## What the task asks
A word-for-word copy of the listing is required, and it must contain no pictures.

══ Records ══

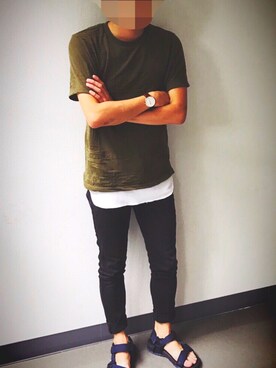 Naopiさんのコーディネート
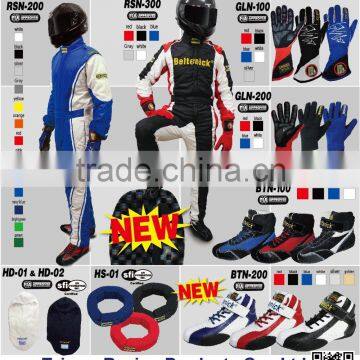 Beltenick RCU-200 FIA Car Racing Harness photo-5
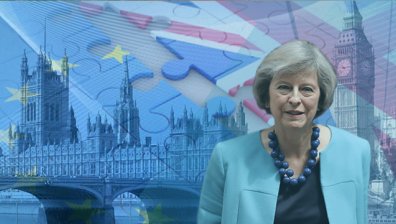 Тереза Мей представя подробен план за Brexit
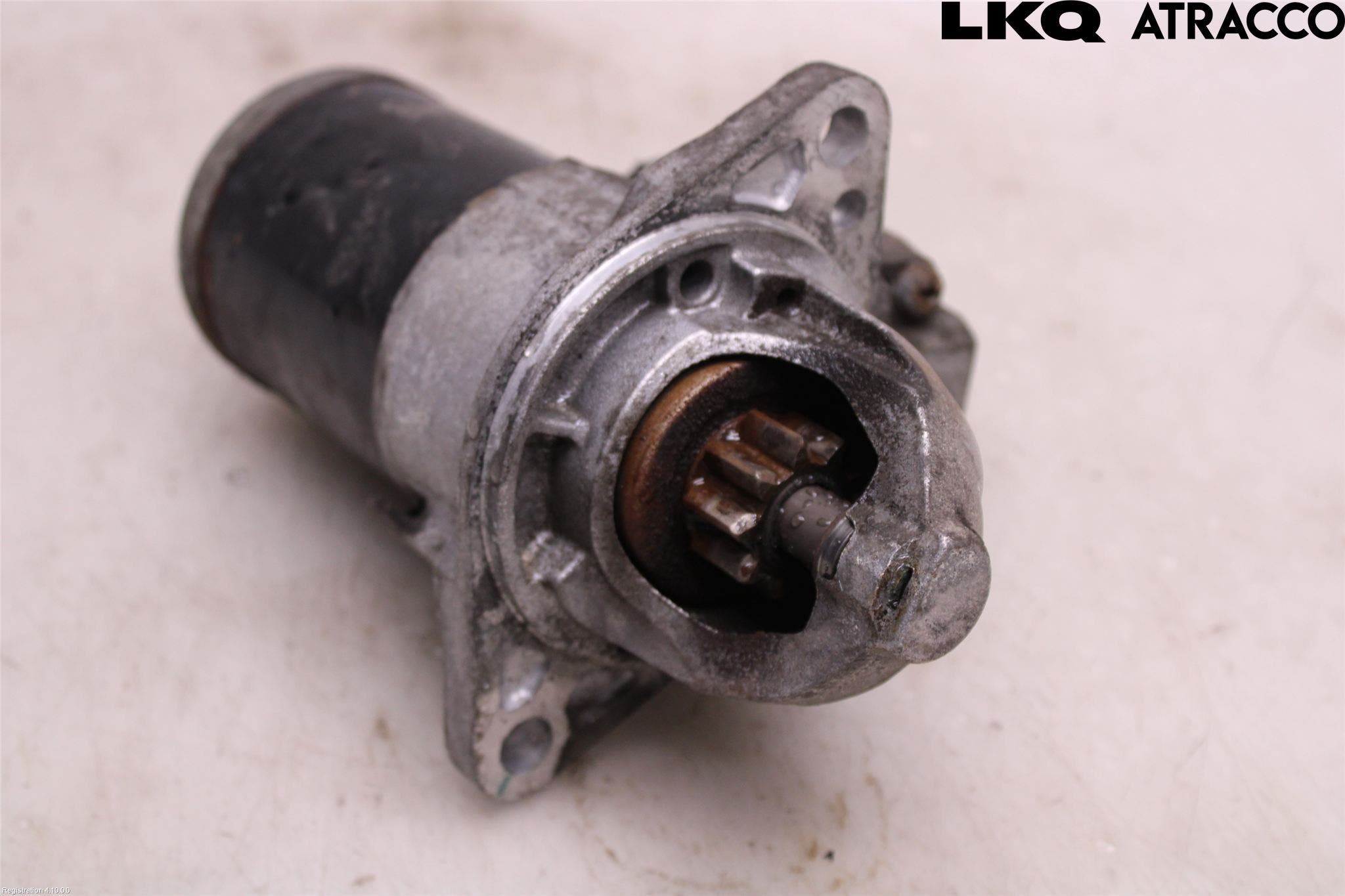 Subaru LEGACY 10-14 Startmotor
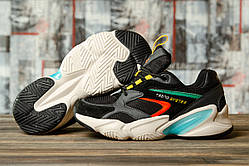 Кросівки жіночі 10171, BaAS Ploa, чорні, < 37 38 41> р. 37-23,5см.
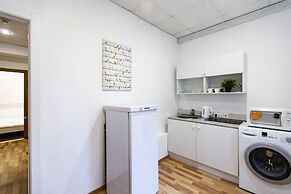 RedHouse Studio Apartment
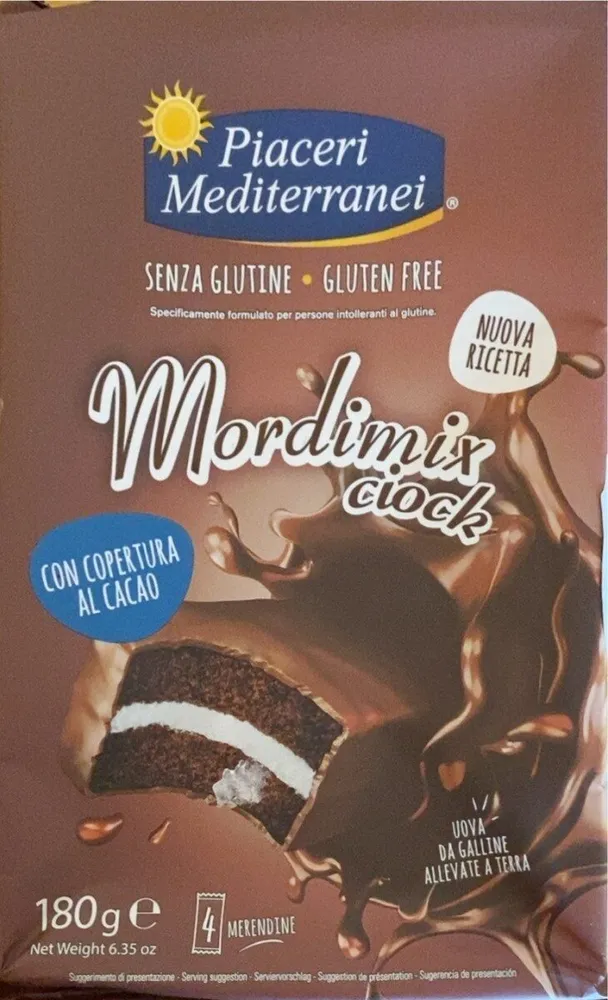 Mordimix ciok
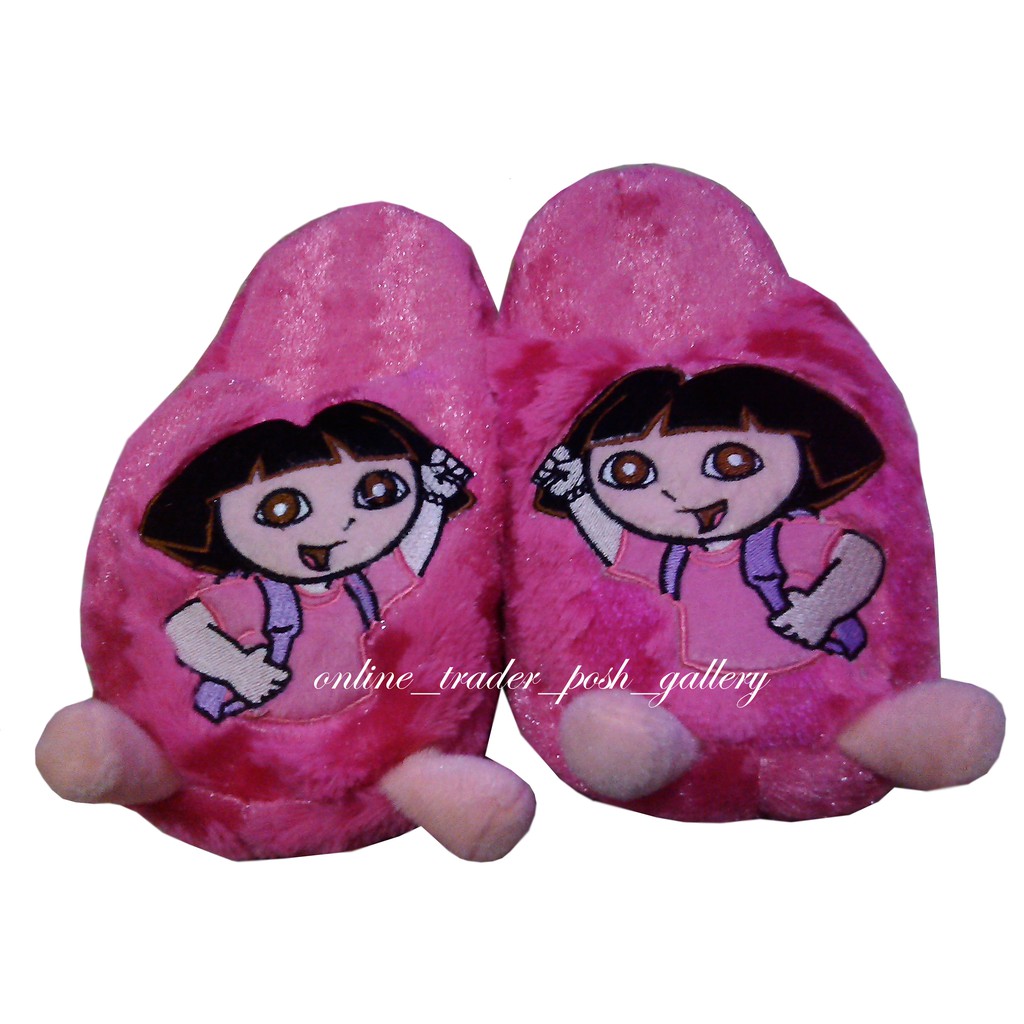 Dora slippers discount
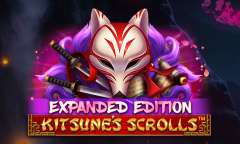 Онлайн слот Kitsune's Scrolls Expanded Edition играть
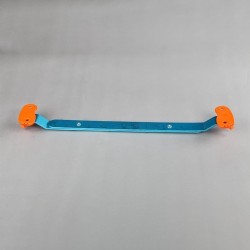 Atelă Corectoare Dennis Brown ELBORX-CO825 | Orteză Pediatrică Rotație Picior | Tratament Picior Varus Equin | Bară Metalică Ajustabilă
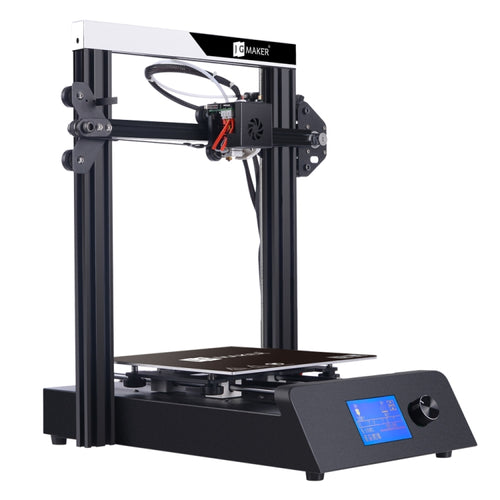 JGAURORA Magic 250W LCD Display Desktop 3D Printer with Knob Control - HoMEdemic™ 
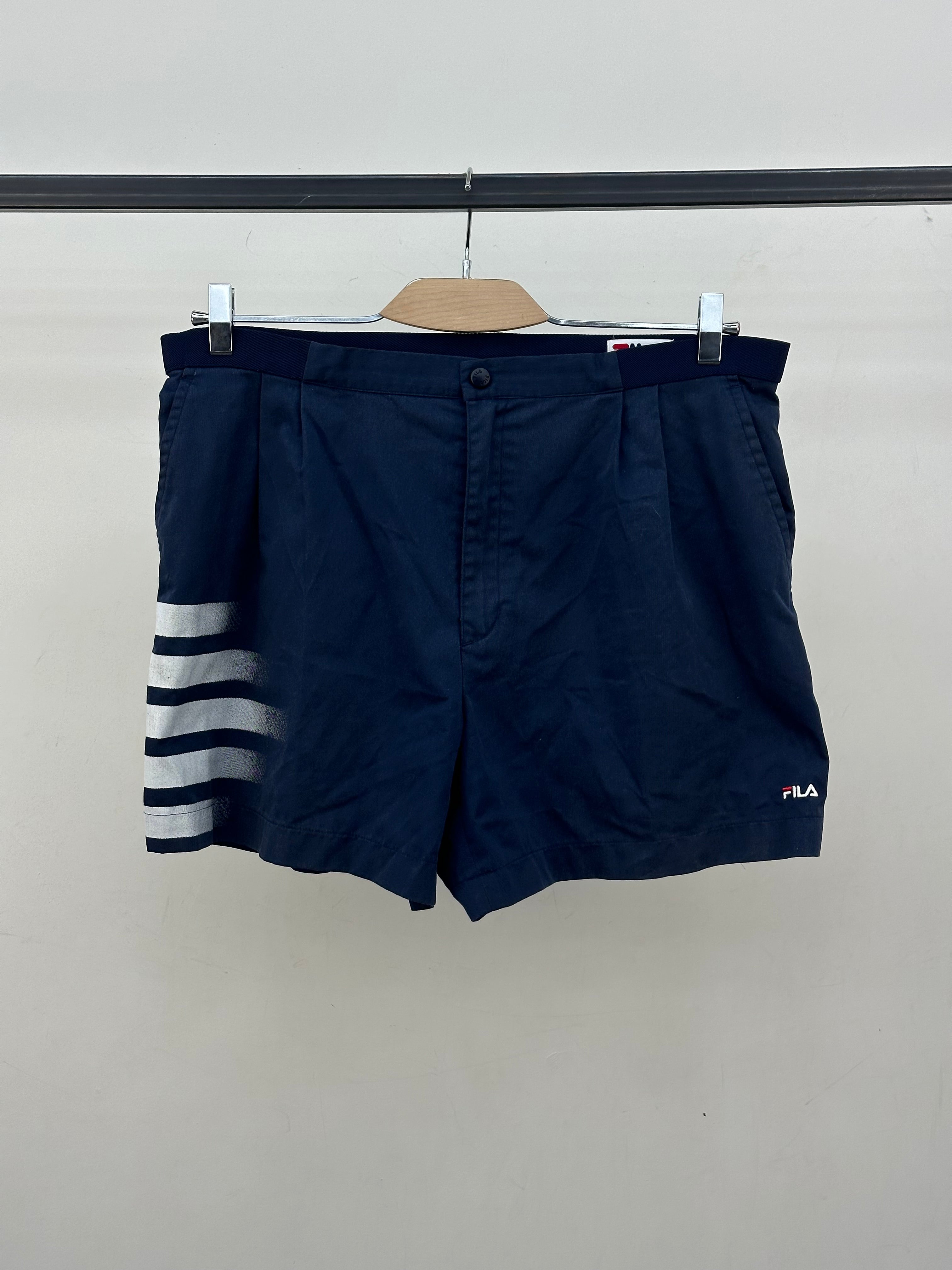 FILA SHORT TAGLIA: 3XL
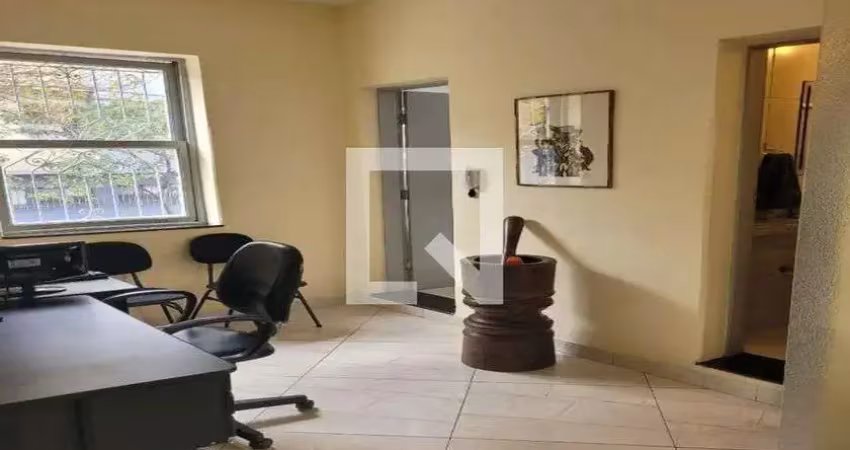Casa para aluguel - floresta, 2 quartos,  60 m² - belo horizonte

═══

## Expected answer
 Naopiさんのコーディネート
 Beltenick RCU-200 FIA Car Racing Harness photo-5
 Тереза Мей представя подробен план за Brexit
 Subaru LEGACY 10-14 Startmotor
 Кросівки жіночі 10171, BaAS Ploa, чорні, < 37 38 41> р. 37-23,5см.
 RedHouse Studio Apartment
 Mordimix ciok
 Dora slippers discount
 Онлайн слот Kitsune's Scrolls Expanded Edition играть
 Atelă Corectoare Dennis Brown ELBORX-CO825 | Orteză Pediatrică Rotație Picior | Tratament Picior Varus Equin | Bară Metalică Ajustabilă
 JGAURORA Magic 250W LCD Display Desktop 3D Printer with Knob Control - HoMEdemic™ 
 FILA SHORT TAGLIA: 3XL
Casa para aluguel - floresta, 2 quartos,  60 m² - belo horizonte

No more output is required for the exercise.